■ Work instructions
List every line below containing "Chapter".
++++++++
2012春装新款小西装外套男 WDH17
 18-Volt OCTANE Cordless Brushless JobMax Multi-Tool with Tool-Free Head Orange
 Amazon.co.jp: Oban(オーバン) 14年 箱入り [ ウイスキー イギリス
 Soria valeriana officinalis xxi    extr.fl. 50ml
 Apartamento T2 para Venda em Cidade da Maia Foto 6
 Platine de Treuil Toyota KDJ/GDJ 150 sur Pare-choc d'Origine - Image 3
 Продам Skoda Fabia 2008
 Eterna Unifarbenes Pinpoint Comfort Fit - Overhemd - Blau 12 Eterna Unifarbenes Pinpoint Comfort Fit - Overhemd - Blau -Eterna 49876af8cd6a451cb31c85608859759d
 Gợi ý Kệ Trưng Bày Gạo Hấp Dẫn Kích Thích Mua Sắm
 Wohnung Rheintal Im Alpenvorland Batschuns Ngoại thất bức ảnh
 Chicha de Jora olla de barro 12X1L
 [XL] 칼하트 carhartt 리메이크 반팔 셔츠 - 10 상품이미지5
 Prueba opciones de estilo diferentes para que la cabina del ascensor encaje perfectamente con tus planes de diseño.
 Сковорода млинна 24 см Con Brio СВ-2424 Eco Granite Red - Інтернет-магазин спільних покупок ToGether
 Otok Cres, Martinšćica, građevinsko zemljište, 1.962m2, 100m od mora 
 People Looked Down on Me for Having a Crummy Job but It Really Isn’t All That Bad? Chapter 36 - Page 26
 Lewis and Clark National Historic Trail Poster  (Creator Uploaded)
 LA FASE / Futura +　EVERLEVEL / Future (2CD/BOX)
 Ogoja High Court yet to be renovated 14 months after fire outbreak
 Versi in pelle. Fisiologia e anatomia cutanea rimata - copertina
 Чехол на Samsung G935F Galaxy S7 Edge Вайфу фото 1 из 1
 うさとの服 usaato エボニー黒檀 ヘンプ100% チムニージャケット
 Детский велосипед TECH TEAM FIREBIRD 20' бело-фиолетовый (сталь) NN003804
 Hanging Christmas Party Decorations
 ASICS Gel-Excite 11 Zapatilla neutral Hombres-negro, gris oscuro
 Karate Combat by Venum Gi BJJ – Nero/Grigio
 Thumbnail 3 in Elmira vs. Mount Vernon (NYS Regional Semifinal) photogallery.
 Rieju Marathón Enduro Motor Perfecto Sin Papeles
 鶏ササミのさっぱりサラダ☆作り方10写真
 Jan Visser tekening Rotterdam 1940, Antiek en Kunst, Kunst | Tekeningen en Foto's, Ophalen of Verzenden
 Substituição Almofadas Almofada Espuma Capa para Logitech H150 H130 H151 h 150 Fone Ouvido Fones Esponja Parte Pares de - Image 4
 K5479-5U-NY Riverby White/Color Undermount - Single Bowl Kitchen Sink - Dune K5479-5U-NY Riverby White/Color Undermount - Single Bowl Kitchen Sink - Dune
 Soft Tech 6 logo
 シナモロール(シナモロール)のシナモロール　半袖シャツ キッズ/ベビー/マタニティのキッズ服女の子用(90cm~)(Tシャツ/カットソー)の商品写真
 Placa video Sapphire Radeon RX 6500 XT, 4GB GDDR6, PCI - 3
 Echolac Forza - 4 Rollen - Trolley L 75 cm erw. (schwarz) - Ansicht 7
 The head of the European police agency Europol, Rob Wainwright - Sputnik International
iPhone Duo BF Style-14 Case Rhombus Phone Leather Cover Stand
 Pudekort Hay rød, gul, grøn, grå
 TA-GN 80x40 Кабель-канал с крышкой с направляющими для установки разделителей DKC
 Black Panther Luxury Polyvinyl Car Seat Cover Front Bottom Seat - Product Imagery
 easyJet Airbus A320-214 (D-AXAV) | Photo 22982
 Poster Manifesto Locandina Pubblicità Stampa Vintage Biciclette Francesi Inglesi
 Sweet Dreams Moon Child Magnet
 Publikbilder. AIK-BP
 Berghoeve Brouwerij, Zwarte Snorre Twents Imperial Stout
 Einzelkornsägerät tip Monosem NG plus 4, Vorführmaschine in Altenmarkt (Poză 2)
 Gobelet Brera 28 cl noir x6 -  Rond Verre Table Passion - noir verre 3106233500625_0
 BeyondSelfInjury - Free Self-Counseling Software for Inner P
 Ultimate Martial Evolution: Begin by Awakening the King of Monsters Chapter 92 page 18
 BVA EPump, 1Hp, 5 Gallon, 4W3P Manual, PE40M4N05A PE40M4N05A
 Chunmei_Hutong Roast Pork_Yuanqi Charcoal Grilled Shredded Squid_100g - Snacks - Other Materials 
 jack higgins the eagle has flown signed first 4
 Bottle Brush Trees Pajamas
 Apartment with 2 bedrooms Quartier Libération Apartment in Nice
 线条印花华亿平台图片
++++++++
■ Expected answer
 People Looked Down on Me for Having a Crummy Job but It Really Isn’t All That Bad? Chapter 36 - Page 26
 Ultimate Martial Evolution: Begin by Awakening the King of Monsters Chapter 92 page 18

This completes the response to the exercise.